Above the Old Town, the ancient Narikala Fortress on top of a steep hill will reveal vistas of the winding Mtkvari River and the ultramodern Peace Bridge crossing it – as well as the huge Holy Trinity Cathedral in traditional Caucasian style. If you’d rather spare the short but vertical walk to the fortress, you can always take the chairlift from the other side of the Peace Bridge. You’ll be rewarded with a short but exhilarating ride above the entire city!

2. Iconic hiking destination: Kazbek

Iconic hiking destination: Kazbek

Iconic hiking destination: Kazbek

Drive just a few hours north of Tbilisi along the legendary Georgian Military Road and you’ll end up in the heartland of the Central Caucasus, surrounded by peaks more than 4,000 metres high. Above the quaint medieval church of Tsminda Sameba and even further above the mountain town of Stepantsminda you’ll find the 5,047-metre-high Mount Kazbek, the mythical stratovolcano that Prometheus was allegedly chained on.

With its grassy slopes, dramatic glaciers and unmistakable volcanic shape, Mount Kazbek is one of Georgia’s prime hiking destinations. A steep two-hour walk will take you to the Tsminda Sameba Church above the village, which is perhaps the country’s most photographed location.

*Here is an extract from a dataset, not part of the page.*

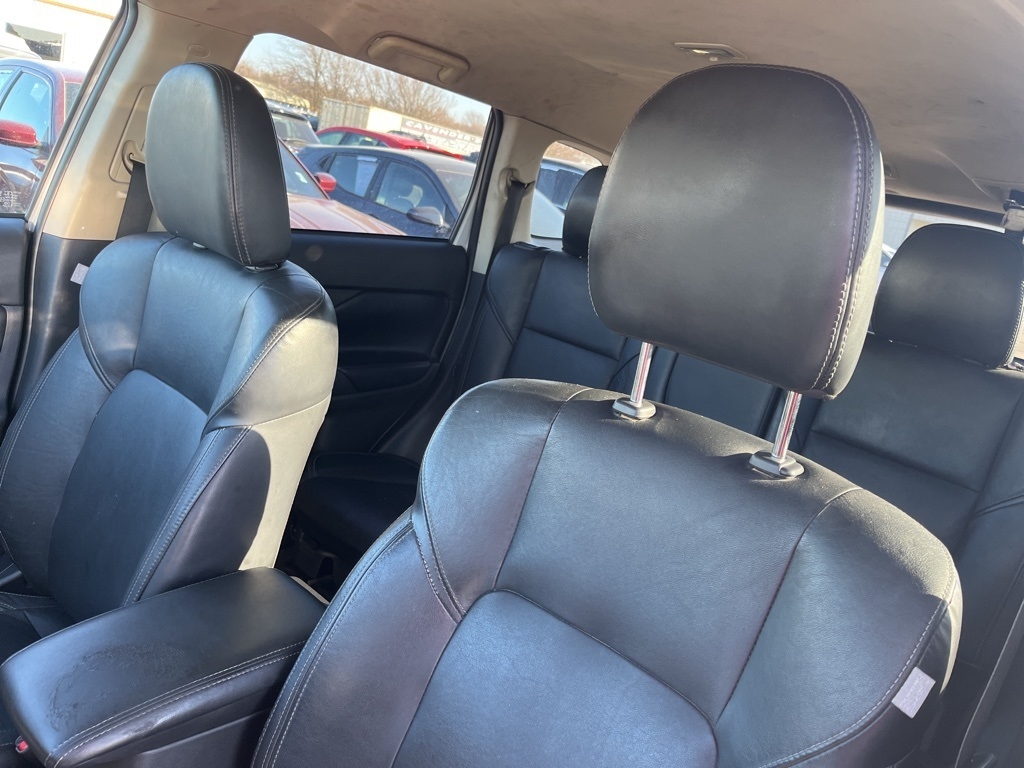 Mitsubishi Outlander  2020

Add another four hours and you’ll end up at the foot of the massive Gergeti Glacier. And if you’re into some relatively light ice hiking, then you can overnight at the former weather station on the other side of the glacier, a further two hours away. Conditions at the hut are basic to say the least, but at 3,670 metres above sea level, you’ll take anything!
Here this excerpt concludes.